Marmorini: "Vor allem die vielen Unsicherheiten haben uns stark beeinträchtigt. Lange Zeit war ja nicht klar, was überhaupt geplant ist. Das hat für uns bedeutet, dass wir mehrere Projekte nebeneinander laufen lassen mussten, um für alles vorbereitet zu sein. Das war das Eine. Zweitens gab es die Idee, einen Drehzahlbegrenzer einzuführen. Auch wenn man vorher schon darüber gesprochen hatte, hatte niemand damit gerechnet, dass die Begrenzung bei 19.000 Touren liegt. Wir wollten während der vergangenen Saison einen neuen Motor herausbringen, der wesentlich höher gedreht hätte. Mit diesem Motor wollten wir die Saison beenden und ihn dann in der Endversion 2007 einsetzen. Als klar war, dass wir 2006 einen Motor für 2007 homologieren müssen, mussten wir die Entwicklung stoppen. Das war also eine große Verschwendung von Ressourcen und Zeit."
Frage: "Ab wann haben Sie sich wirklich auf den homologierten Motor konzentriert?"
Marmorini: "Nach dem Nürburgring haben wir begonnen, über unsere Entwicklungen für die Saison 2007 nachzudenken und spätestens in den letzten vier oder fünf Rennen, ab Monza, haben wir uns wirklich nur noch auf dieses Jahr konzentriert. Ich denke, dass das bei anderen Teams genauso war."
Frage: "Beim Saisonende in Brasilien haben Sie der FIA den Referenzmotor übergeben. Ist er eine gute Basis für die nächsten Jahre?"
Marmorini: "Wir denken schon, dass er eine gute Basis ist. Aber als Rennteam sind wir nicht glücklich über die Beschränkungen, die wir in der Entwicklung haben. Denn wir haben noch viele Ideen. Die FIA hat die Möglichkeiten da aber stark beschränkt, das heißt, dass viel Entwicklungsarbeit am Motor gestoppt werden musste. Als Ingenieur mag man so was natürlich gar nicht!"

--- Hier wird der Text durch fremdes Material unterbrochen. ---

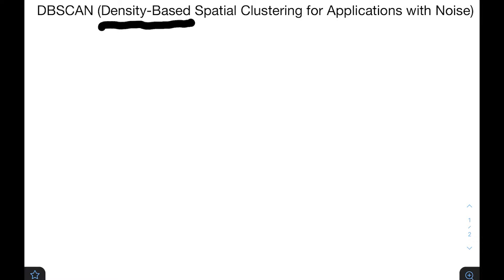Hey guys, it's Greg. Today I'm going to explain the DBSCAN clustering algorithm. DBSCAN stands for Density-Based Spatial Clustering for Applications with Noise. I would not blame you for being intimidated by that long name — no one ever says that. We call it DBSCAN, and the only important part is that it is density-based, and we'll see what that means shortly.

Frage: "Was erhoffen Sie sich von der neuen Partnerschaft mit Williams?"
Marmorini: "Was den Motor angeht, so können wir nun doppelt so gut wie bisher an der Zuverlässigkeit arbeiten. Sie können uns gute Anhaltspunkte geben und wir können doppelt so viele Daten sammeln wie bisher. Aus Motorensicht ist das für uns natürlich wichtig. Ich denke aber auch dass unsere Kollegen aus der Chassis-Abteilung von Williams noch ein bisschen was lernen können, und wir können besser beurteilen, was an unserem Auto gut ist. Beide Teams, Williams und Toyota, haben damit Anhaltspunkte."
Frage: "Wie schätzen sie das Gesamtpaket für 2007 ein?"
Marmorini: "Wir haben hart gearbeitet, und das Team hat sich verbessert. Wir sind zuversichtlich, dass wir besser sind, als wir vergangenes Jahr gezeigt haben. Wenn das Paket langsam ist, bist du immer langsam. Wir hatten ein paar Highlights, die uns gezeigt haben, dass wir sehr konkurrenzfähig sind, wenn alles zur richtigen Zeit richtig ineinander greift. Ich denke, wir gehören schon zu dem Teams, die hinter Renault und Ferrari um Platz drei kämpfen können. Wir sind also sehr zuversichtlich, dass das Auto in diesem Jahr sehr schnell sein wird. Es gibt einige starke Mitbewerber und es wird eine herausfordernde Saison. Wir haben unsere Hausaufgaben gut gemacht - aber wie immer werden wir erst im März sehen, wie gut die anderen das getan haben."